§ Mr. Viggers
To ask the Secretary of State for Social Security, pursuant to his answer of 28 April 1999,Official Report, columns 165 –66, on pensioner incomes, what would be the difference in income between a single man of 65 with no savings or resources and the income of a single man of 65 who has resources of at least £16,000 but no additional pension from SERPS; and what amount of money would be required to purchase an annuity to fund this difference. 
§ Mr. Timms
The amounts of Housing Benefit and Council Tax Benefit that a person receives depends on local factors as well as personal circumstances.

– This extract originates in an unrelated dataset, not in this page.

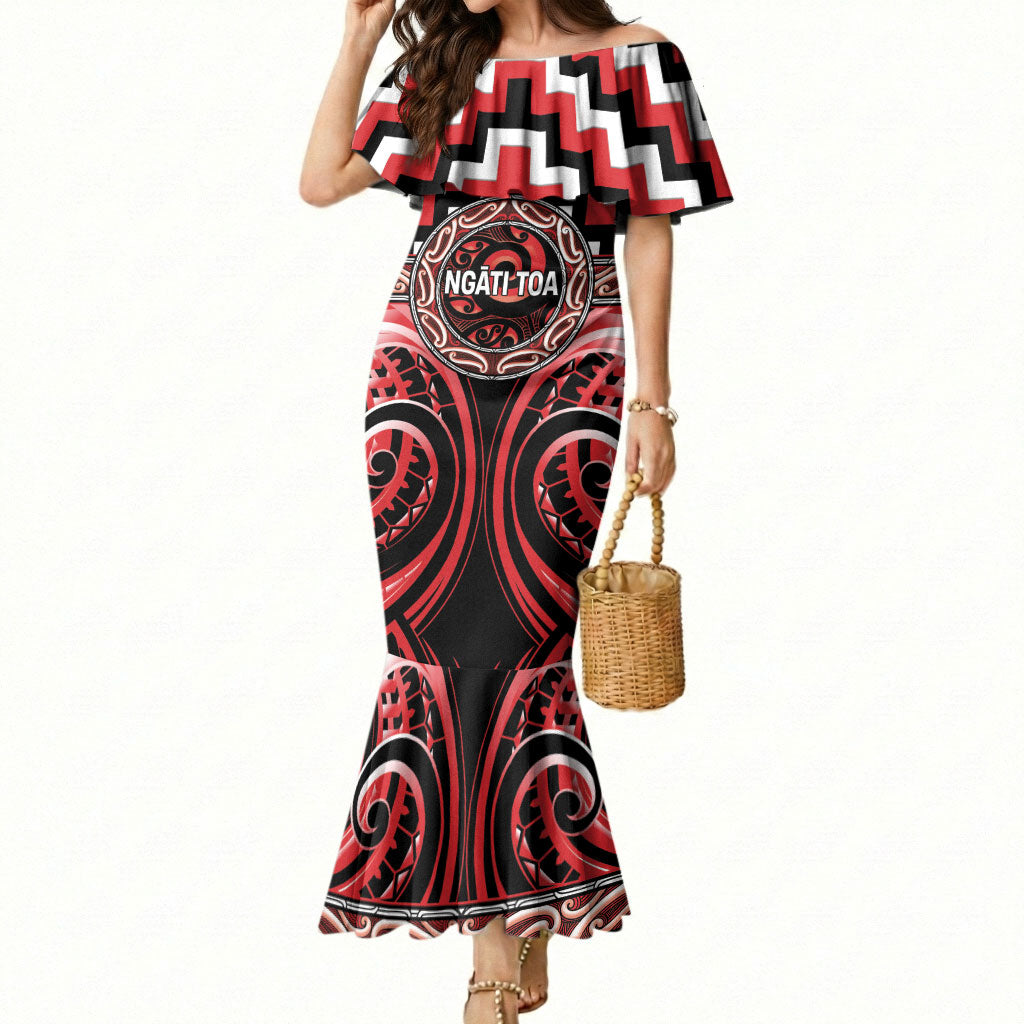 Aotearoa Ngati Toa Personalised Mermaid Dress Maori Iwi Poutama Puhoro Tattoo LT14 Women Red - Polynesian Pride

As an illustrative example, a hypothetical 65-year-old man with no savings or resources who receives the average Housing Benefit and average Council Tax Benefit received by those on Income Support aged 60 or over would receive £127 a week in Income Support, Housing Benefit and Council Tax Benefit.
The amount is £60 more than the full basic pension and, at February 1999 annuity rates, a lump sum of £43,000 would be required to fund this difference.
It is, however, extremely unlikely that a person would receive the full basic pension and have £16,000 in savings without having any second-tier pension as any employee who earns over the Lower Earnings Limit for National Insurance contributions automatically builds up rights to a second-tier pension. Furthermore, information from the 1996 General Household Survey suggests that half of those who are self-employed are currently contributing to a personal pension and a further 10 per cent. have contributed in the past.
- 1. Weekly income figures are rounded to the nearest pound and the lump sum figure is rounded to the nearest £1,000.
- 2. The latest available data are used for average levels of benefit receipt, the level of Income Support and annuity rates:Income support and basic State pension level—1999 –2000 figures;Average Housing Benefit/Council Tax Benefit received —May 1997 data expressed in February 1999 figures;Annuity rates —February 1999 figure.